Way back when, during the hormonal crazed years of youth in junior high school, Jessica and I would head to the local YMCA to watch a particular boy or two. The pool was indoors, so we could watch the boys all year round, this one boy in particular. Jessica liked him. I liked him. Since we both liked him, that usually meant that she and he would date. This particular boy, however, might have been more clueless than the rest of them, unaware of our fancies.

This particular day of boy-watching, Jessica and I were more daring than normal and, well, may have (just MAY have) gone a little overboard in our displays of unrequited attractions. I vaguely recall that our going into the boy's locker room was the least of our transgressions that day. I must have buried the memories for all the other scandalous things we did, as I cannot remember a single one other than the overwhelming feeling of embarrassment these many years later.

There might have been an apple involved.

The following week, when we returned to the YMCA, we weren't allowed in.
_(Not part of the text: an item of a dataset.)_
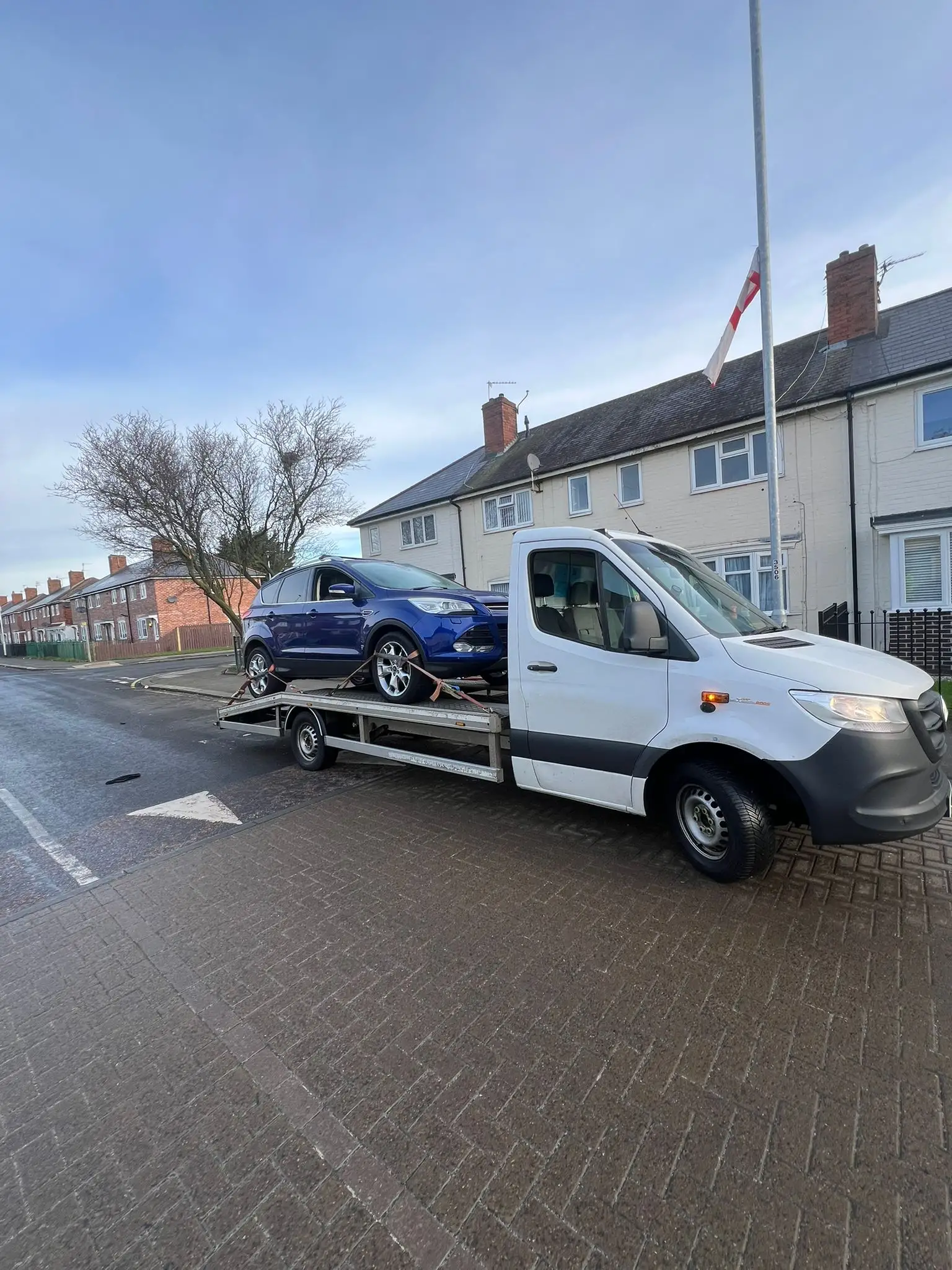 White Sprinter flatbed carrying a blue Ford Kuga on a residential street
The facility had instituted a no-kids policy: anyone under 15 wasn't allowed into the facility without a parent or other adult. When we asked why the new policy, we were told last week some hooligans were ransacking the boy's locker room and causing a ruckus. They had complaints, and felt the best policy was to limit access of the delinquents.



Funny how a few bad apples can ruin freedom for the rest of the bushel.
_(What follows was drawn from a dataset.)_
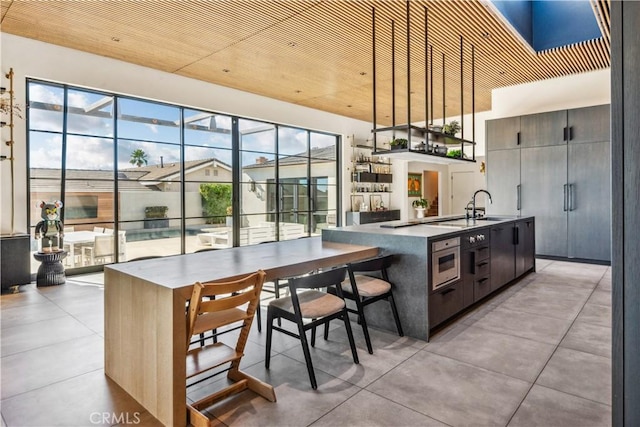 kitchen featuring a kitchen breakfast bar, sink, an island with sink, decorative light fixtures, and dark brown cabinets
Today, I rode the ferry over from Seattle to Bainbridge Island with a large amount of baggage. I had my roller bag full of my clothes and tournament garb. I had my field bag full of team warmups and camera gear for the tournament this weekend. I had my awesome new pink bag from Mom. I had my purse, er, backpack on my back. And I had my computer. Two video cameras. Two cellphones. Ten magazines. One book. Tons of crap. Moving it was a task, a big task.

On the ferry, I dumped everything in one side of the booth I was sitting in, and plunked all of myself down on the other side to start working. As with most of my trips, within minutes, I needed to go to the bathroom. I don't know what it is about being in situations where I can't go to the bathroom that causes me to HAVE to go to the bathroom. EVERY TIME.

After about twenty minutes, I REALLY had to go.

I had so much crap, and picking it all up to move it would be so difficult, a pain in the butt (and arms and back). But I had to go. After thinking about it for all of, oh, two minutes, I packed up all of my stuff, tucked it into one side of the booth, and waited for the people wandering around my area to reduce to a local minimum. I then grabbed the only bag that I really couldn't replace, stood up and turned to the bathroom.

I can't say I felt completely comfortable with leaving all of my crap in the booth while I dashed off, but I really, really had to go to the bathroom. This from the woman who locks her car doors when she drives her car into a locked police garage. Way worried about leaving my crap.

I managed to walk all of four steps towards the bathroom door, a journey of maybe 10 steps, when I saw one of the ferry's security people walking nominally in the same direction I was going. Except I didn't just see him, I saw him, he saw me, we locked eyes and stared at each other for the remaining six steps it took me to get to the women's bathroom. I broke eye contact when it was obvious my choices were look away or break my nose on the door jam.

Now, when you are about to do something that is frowned upon by the various powers that be in the small space you are currently inhabiting, or even frowned up by those who pretend to exert power in their own small dominion, but really don't have much power if you don't give it to them, rule number one really should be "Don't make eye contact." Rule number two should be "wait until they leave before you break the rules."

I went to the bathroom as quickly as I could. I doubt anyone I know could have entered that bathroom, done his business and vacated as quickly as I did just then. Saying I was quick even for myself is saying something, as few people can go faster than I can. Kris will confirm this. Just ask him what nickname he's given me with respect to my bowel movements. It has something to do with being the FPitW.

Yeah, so, I was fast. I had to be - that was my crap I was leaving alone.

I wasn't fast enough.

I dashed out of the bathroom just as the announcement, "Due to extra security measures and Washington state law, do not leave baggage unattended," began. The security person I eye-locked with on my way into the bathroom, was hovering over my bags as I left the bathroom. I wasn't sure exactly what he was about to say as he opened his mouth when I returned, but I preempted him quickly. "Oh! Thank you so much for watching my stuff. I was a little nervous about it. I REALLY appreciate it."

He looked at me, closed his mouth, looked at my stuff, back to me and said, "You're welcome."

When I sat down, I felt very much as I had when Jessica and I were refused entrance to the pool. Something like, "Well, crap."